If you can, the best answer might be to move to Unicorn, the latest in a long line of Rails deployment options. It handles the process of migrating requests from old workers to new workers transparently. Awesome.

Our first thought was that Rails was just loading too slowly. Both Robby and I spent some time profiling Rails boot time and there wasn’t a single culprit. Instead there were many contributors from the 50+ gems and 30 plugins we use that made it difficult to radically improve.

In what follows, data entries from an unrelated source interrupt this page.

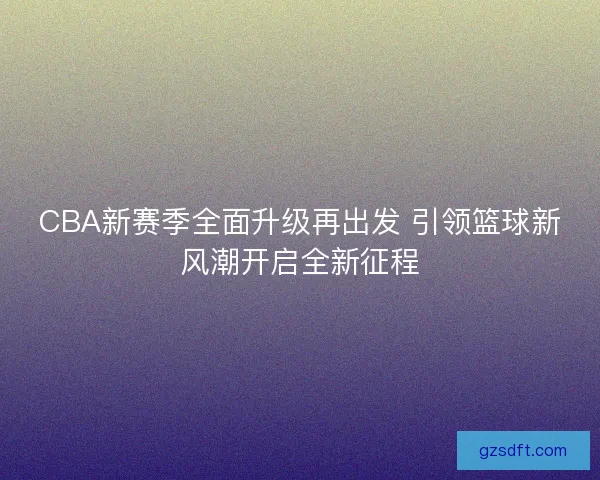 CBA新赛季全面升级再出发 引领篮球新风潮开启全新征程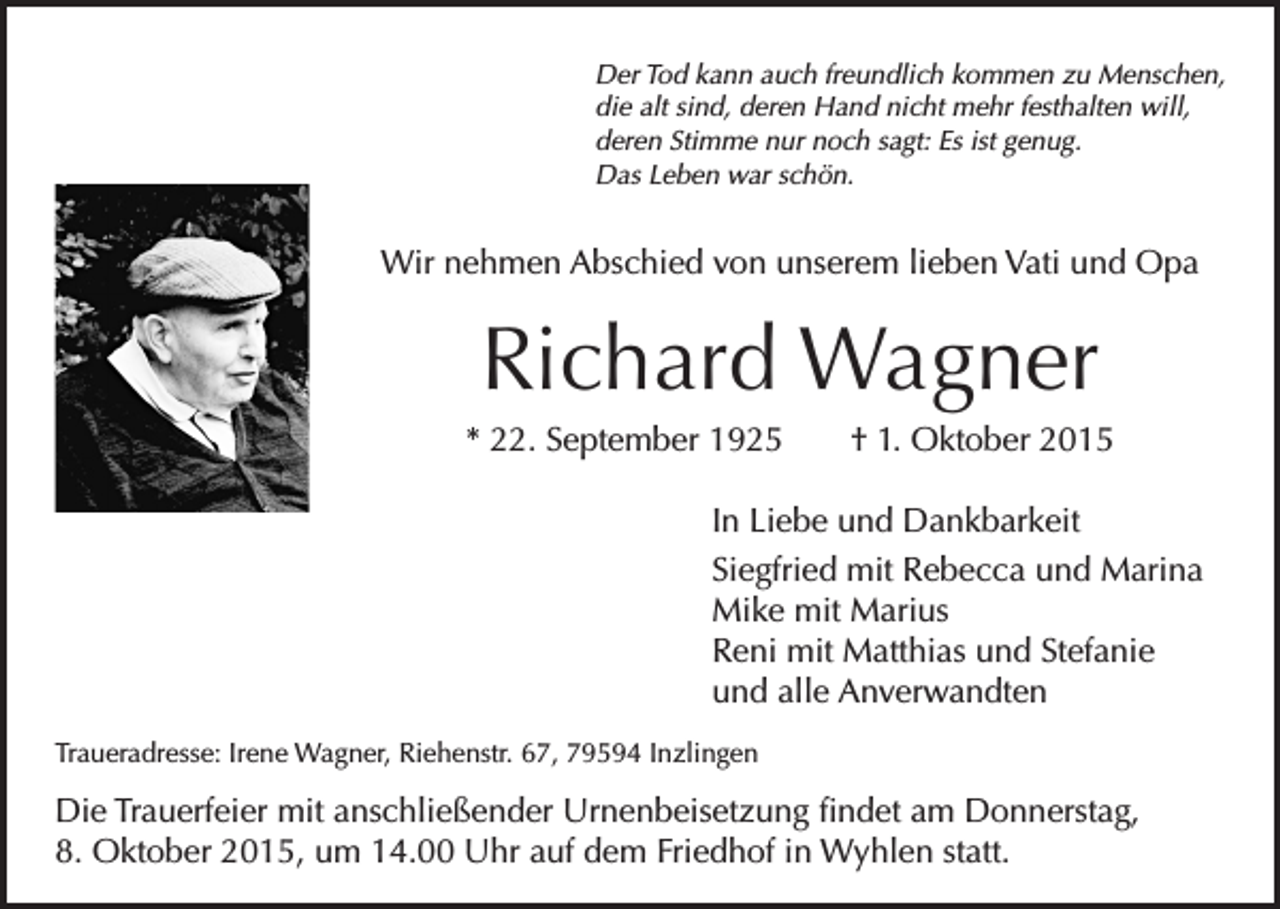 <p>Der Tod kann auch freundlich kommen zu Menschen,<br />die alt sind, deren Hand nicht mehr festhalten will,<br />deren Stimme nur noch sagt: Es ist genug.<br />Das Leben war schön.</p><p>Wir nehmen Abschied von unserem lieben Vati und Opa</p><p>Richard Wagner<br />* 22. September 1925 † 1. Oktober 2015<br />In Liebe und Dankbarkeit<br />Siegfried mit Rebecca und Marina<br />Mike mit Marius<br />Reni mit Matthias und Stefanie<br />und alle Anverwandten<br />Traueradresse: Irene Wagner, Riehenstr. 67, 79594 Inzlingen</p><p>Die Trauerfeier mit anschließender Urnenbeisetzung findet am Donnerstag,<br />8. Oktober 2015, um 14.00 Uhr auf dem Friedhof in Wyhlen statt.</p>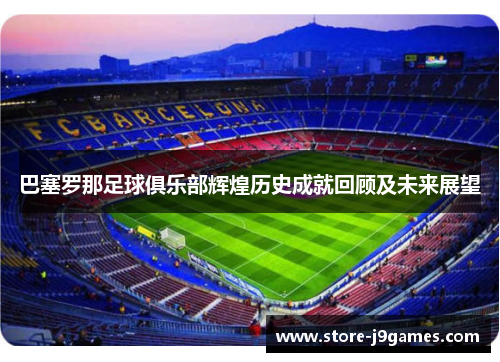 巴塞罗那足球俱乐部辉煌历史成就回顾及未来展望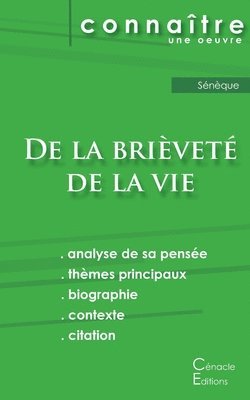 Fiche de lecture De la brievete de la vie de Seneque (Analyse philosophique de reference et resume complet) 1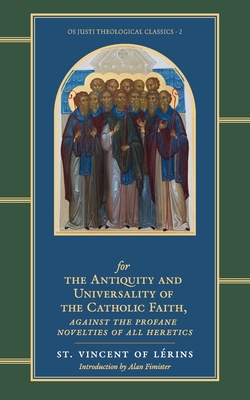 Image for Commonitory for the Antiquity and Universality of the Catholic Faith Commonitory for the Antiquity and Universality of the Catholic Faith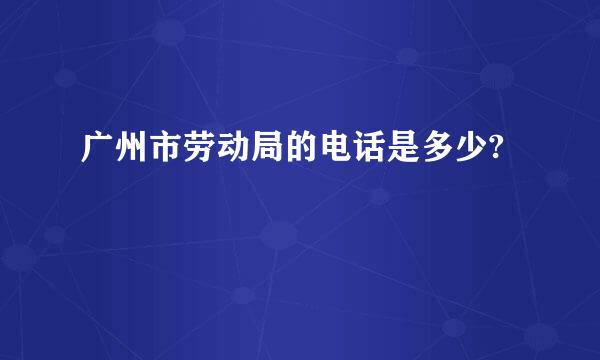 广州市劳动局的电话是多少?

Next we took a different approach to have capistrano remove instances from the HAProxy pool and serially restart Passenger instances. To get this working there are a couple steps that I hadn’t seen documented elsewhere (hat tip to Matt Conway’s rubber for the serial task trick):

  1. Change haproxy.cfg to perform a file-based health check for each backend: option httpchk GET /haproxy.txt In the rails app make sure that same file lives in the public directory so it will respond 200 in the normal case. Also, I needed to make nginx return a 404 when that file does not exist, since that is what HAProxy looks for to remove it from the pool. So in the nginx config:
    if (!-f $document_root/haproxy.txt) {
    	return 404;
    } 
    
  2. Change the default "deploy:restart" capistrano task to do the restart serially. Capistrano usually executes the task on all matching hosts concurrently so it requires a little hack to force it to run serially.
    desc "Restart Passenger serially"
    task :restart, :roles => :web do 
      haproxy_health_file = "#{current_path}/public/haproxy.txt"
    
      # Restart each passenger host serially
      self.roles[:web].each do |host|
        # 1. Take it out of the haproxy pool
        run "rm #{haproxy_health_file}", :hosts => host
        sleep(5)
        # 2. Restart passenger
        run "touch #{current_path}/tmp/restart.txt", :hosts => host
        # 3. Ping passenger to get it to warm up
        run "curl -s 'http://localhost:81/' &> /dev/null; exit 0", :hosts => host
        # 4. Re-add app to haproxy pool
        run "touch #{haproxy_health_file}", :hosts => host
      end
    end
    
  3. During deploys notice that haproxy will change the dashboard display to remove that instance and send requests to other instances. Be aware that this does mean not all instances have the same code running at the exact same instant. So for database migrations or other scenarios it might require putting up a maintenance page or coding defensively.